All right, so more on performance, Qumulo system gives us a really good way to analyze client performance. You can see one of the top green ones up there is doing a lot of reads. We’ve got some systems doing writes. The nice thing is we can drill down and very quickly see exactly which directories and where all that data is going. This really helps us from…when you’re dealing with 200 desktops and numerous other systems, figuring out where some system is writing to is pretty critical. This has actually led to some interesting phone conversations with Qumulo support because we weren’t used to seeing very large numbers. On our old system, we couldn’t achieve anywhere near the performance that we are in Qumulo.

And it’s actually been kind of funny because I’ve actually called Qumulo support in a panic going, “I’m seeing a client and it’s doing, you know, 30 meg to 40 meg a second. What do I do? It’s going to kill my cluster.” They’re like, “Oh, it’s fine. Don’t worry about it.” So, after a couple of, you know, fall starts when we started seeing performance numbers that we just simply were it used to, now we’re much used to it and we don’t have the support challenges that we did with calling them unnecessarily.

So, of course, then also part of performance, your overall performance is Uptime. Over the last year, we’ve had four-and-a-half nines on the system. We’ve had roughly 28 minutes of downtime in the last year and that was just to do patches and minor upgrades. So, from an Uptime performance standpoint, you know, it’s something that, for us, it’s been incredibly stable. So, one thing about Uptime, which is not such a funny story is by a minor flaw in our data center we have 120 minutes of runtime, but if we lose power we have no cooling, our cooling shuts down, which it will go from 68 degrees to 100 degrees in about 20 minutes.

Now, when we were in testing with Qumulo a year ago and we were just in the process of building out our production environment, that happened twice in one day from two different power outages in the Salt Lake Valley that were completely unrelated. On our Qumulo system, normally what happens with our big clusters is we have automated scripts that shut everything down. With the Qumulo cluster, we didn’t have that yet. So, I had literally went into the data center and yanked all the power cords out. Now, this is absolutely something I do not recommend you ever, ever do, but I did it twice in one day to the Qumulo system. Out of all the storage systems and all the disk arrays that we have, Qumulo is the only one that came back without any flaws, no data corruptions, no disk losses. It was the only system that handled that. On our primary core set file system, which is from another vendor, we lost 6 drives in 15 nodes. Our cheap and cheerful system was a complete loss. It lost every single drive.

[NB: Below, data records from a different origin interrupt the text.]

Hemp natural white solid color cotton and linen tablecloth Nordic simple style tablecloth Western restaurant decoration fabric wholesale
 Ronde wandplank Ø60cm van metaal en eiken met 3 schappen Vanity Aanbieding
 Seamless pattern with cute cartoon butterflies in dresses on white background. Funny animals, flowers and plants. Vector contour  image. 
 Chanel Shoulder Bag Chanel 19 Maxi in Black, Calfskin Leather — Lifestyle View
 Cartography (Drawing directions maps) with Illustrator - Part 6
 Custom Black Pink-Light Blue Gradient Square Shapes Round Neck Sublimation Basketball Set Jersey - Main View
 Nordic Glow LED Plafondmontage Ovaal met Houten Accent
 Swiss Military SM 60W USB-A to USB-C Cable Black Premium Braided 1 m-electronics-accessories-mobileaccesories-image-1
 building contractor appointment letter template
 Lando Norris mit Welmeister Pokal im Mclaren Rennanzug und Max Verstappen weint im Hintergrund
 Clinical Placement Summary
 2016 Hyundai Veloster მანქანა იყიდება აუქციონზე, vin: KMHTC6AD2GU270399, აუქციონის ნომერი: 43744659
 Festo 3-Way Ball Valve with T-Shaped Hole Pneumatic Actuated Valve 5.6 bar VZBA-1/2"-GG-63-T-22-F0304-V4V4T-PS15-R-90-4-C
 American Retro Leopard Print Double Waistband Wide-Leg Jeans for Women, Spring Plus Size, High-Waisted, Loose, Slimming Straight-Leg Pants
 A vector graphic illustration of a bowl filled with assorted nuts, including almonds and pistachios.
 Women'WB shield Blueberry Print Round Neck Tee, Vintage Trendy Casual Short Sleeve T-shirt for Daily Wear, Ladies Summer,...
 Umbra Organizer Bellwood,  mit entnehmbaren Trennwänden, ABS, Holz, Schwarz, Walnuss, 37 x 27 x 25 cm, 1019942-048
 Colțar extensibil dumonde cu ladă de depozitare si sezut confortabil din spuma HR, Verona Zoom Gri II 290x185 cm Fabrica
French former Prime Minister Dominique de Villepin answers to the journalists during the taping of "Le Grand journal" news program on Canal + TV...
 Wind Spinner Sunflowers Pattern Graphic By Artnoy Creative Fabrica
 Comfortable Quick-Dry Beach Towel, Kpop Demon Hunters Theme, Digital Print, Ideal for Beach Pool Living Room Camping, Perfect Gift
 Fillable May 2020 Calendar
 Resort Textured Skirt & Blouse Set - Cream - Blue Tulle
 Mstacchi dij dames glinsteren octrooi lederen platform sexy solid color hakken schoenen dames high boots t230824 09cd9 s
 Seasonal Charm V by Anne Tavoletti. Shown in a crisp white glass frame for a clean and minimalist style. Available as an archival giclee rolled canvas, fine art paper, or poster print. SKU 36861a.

So that, I think, was an interesting test, not something I would recommend you do, but we were able to do it. So, of course, because today we have this capacity planning and we can now see all this data, we now know where we have to go and how we have to plan this out. This is sort of our migration plan over the next five years. In year one, we’re going to add another QC24, which will be next year. The following year, we’ll add two more. Then year three, we’ll add one. At that point, we’re going to upgrade our network from 10-gig to 40-gig, and then we’re going to add another QC208. So, that’s kind of our migration plan and, of course, because it’s a scale-out solution, we can literally add all those in with zero downtime. We plug them in to the network, give it an IP, and it’s up and going, which is great for us.